Dec 13 (Reuters) – The dollar index fell 0.8% after another below-forecast US CPI report sent Treasury yields sharply lower and stocks higher initially, as the data affirm an expected slowing of Fed rate hikes beginning with a 50bp hike on Wednesday.
The index plunged below December’s base to a six-month low, as 2-year Treasury-bund yields spreads tumbled to their lowest since June, due to a 19bp dive in Treasury yields reflecting a lower fed funds terminal rate and 50bp of rates cuts in late 2023.
Dollar weakness was initially exacerbated by risk-on flows in response to tumbling Treasury yields, but the S&P 500 fell back after failing to clear December’s prior peak with Fed event risk Wednesday.

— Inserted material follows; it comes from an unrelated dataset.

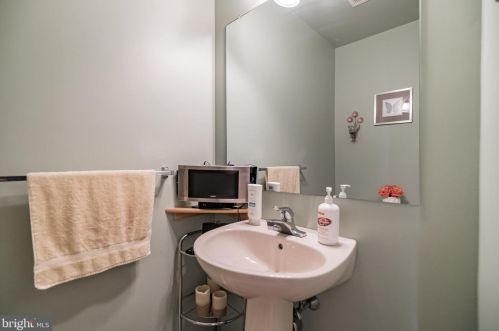 1801 Arbor Ct, Jamison PA  18929-1672 exterior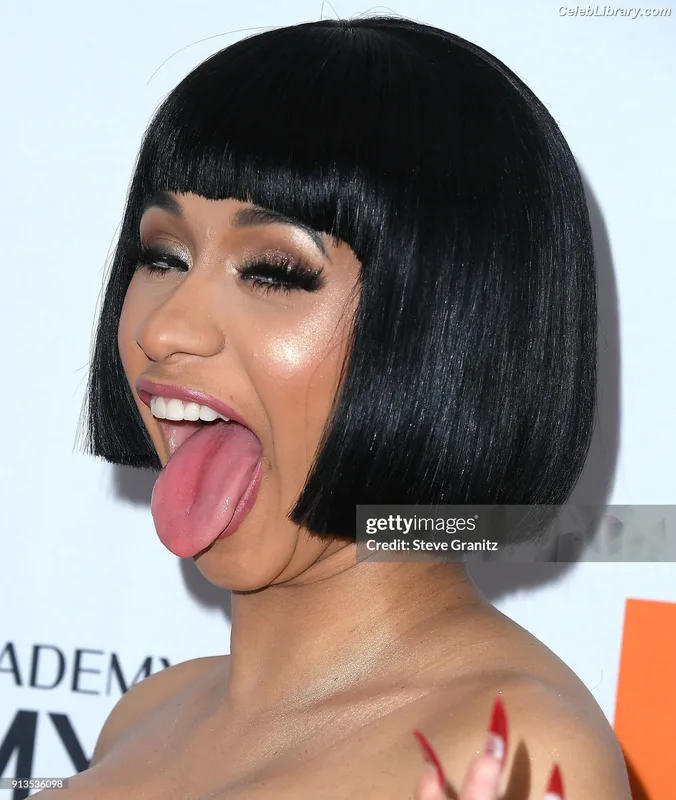 Cardi B photo 11 of 497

EUR/USD rose 0.7% after backing off Tuesday’s 1.0673 high on EBS. A close above the 38.2% Fibo of the 2021-22 slide at 1.0606 could see June’s 1.0774 high by the Fibo objective off 2022’s base reached, assuming Wednesday’s Fed statement, economic and fed funds predictions and press conference avoid hawkish surprises.
Gains should be backstopped by the ECB on Thursday hiking at least 50bp and with guidance that supports markets betting on more than 140bp of increases before a 2023 plateau.
USD/JPY tumbled 1.7%, bearing the full brunt of tumbling Treasury yields and flows out of the haven dollar. A break of December’s lows to deeper downside targets now awaits the Fed events and perhaps Thursday’s top-tier US data.
Sterling rose 0.77% after slipping from its earlier surge led by risk-on flows and a whopping 23bp rise in 2-year gilts-Treasury yield spreads.
The high at 1.2443 and an expected first close above 1.2300 since June suggest May’s highs will be in play if the BoE maintains its inflation fight on Thursday.